Given information
§

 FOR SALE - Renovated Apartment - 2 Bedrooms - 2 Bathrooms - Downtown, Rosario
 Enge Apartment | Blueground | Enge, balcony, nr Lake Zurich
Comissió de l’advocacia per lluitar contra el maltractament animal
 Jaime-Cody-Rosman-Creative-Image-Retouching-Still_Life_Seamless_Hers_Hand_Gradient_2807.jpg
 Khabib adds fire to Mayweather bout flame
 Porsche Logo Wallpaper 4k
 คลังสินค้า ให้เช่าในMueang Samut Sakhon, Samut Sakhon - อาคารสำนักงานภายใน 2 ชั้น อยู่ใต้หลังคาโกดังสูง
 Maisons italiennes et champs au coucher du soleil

§

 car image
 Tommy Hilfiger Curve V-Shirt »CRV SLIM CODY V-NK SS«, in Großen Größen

§

About this exercise
Find and copy each line of the listing above that holds the word "Apartment".

Answer box
 FOR SALE - Renovated Apartment - 2 Bedrooms - 2 Bathrooms - Downtown, Rosario
 Enge Apartment | Blueground | Enge, balcony, nr Lake Zurich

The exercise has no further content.